Learning, Private Information, and the Economic Evaluation of Randomized Experiments
Olin School of Business Working Paper No. 2003-08-03
52 Pages Posted: 15 Oct 2003
Date Written: July 2003
Randomized experiments (REs) are viewed as the "gold standard" for the treatment evaluation, but many REs are plagued by attrition or non-compliance, even among subjects receiving the more effective treatment. This paper constructs an economic model of decision-making in which individuals make utility maximizing choices that provides a rich framework for evaluating REs. We estimate the subject's utility associated with the receipt of alternative treatments, as revealed by dropout or compliance behavior, to evaluate treatment effectiveness. Utility is a function of both the "publicly observed" outcomes that are typically the focus of evaluation studies, and treatment side effects that are the private information of the subject.

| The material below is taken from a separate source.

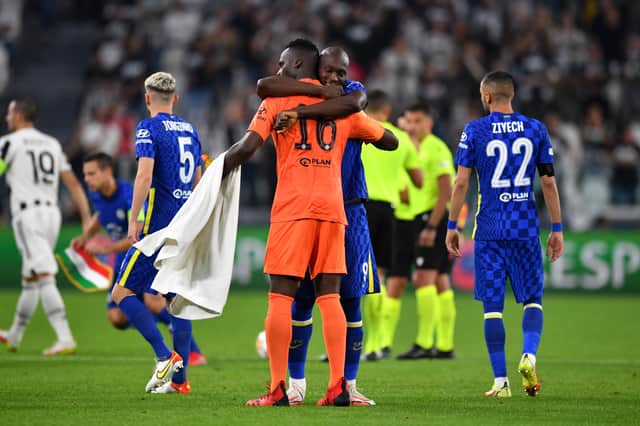 Romelu Lukaku and Edouard Mendy of Chelsea embrace prior to the UEFA Champions League (Photo by Valerio Pennicino/Getty Images)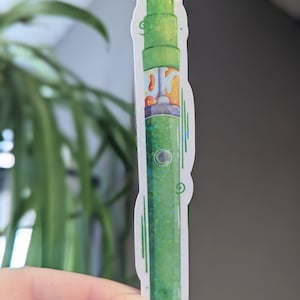 May include: A green and iridescent vape pen sticker with a white background. The sticker has a cartoon-style design and features a green and white vape pen with a white cloud of smoke coming out of the top.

Participants enter the RE uncertain of treatment effectiveness and often the treatment received, and update their prior beliefs over the course of the experiment when deciding whether to drop out. We use the framework to analyze an influential AIDS clinical trial, ACTG 175, which has been used to tout the benefits of combination therapies for AIDS over the use of AZT alone. However, our analysis indicates that for many subjects, AZT yields the highest level of utility, despite having the smallest impact on the publicly observed outcome of the study, the patient's CD4 count. Significant and rapid learning is observed over the course of the experiment, so that early dropout is primarily driven by side effects, while later attrition reflects declining CD4 counts for many subjects. An important implication of our findings, not recognized using the standard evaluation approach, is that patient welfare may be enhanced by offering a menu of therapies, since no single treatment is preferred by a majority of patients.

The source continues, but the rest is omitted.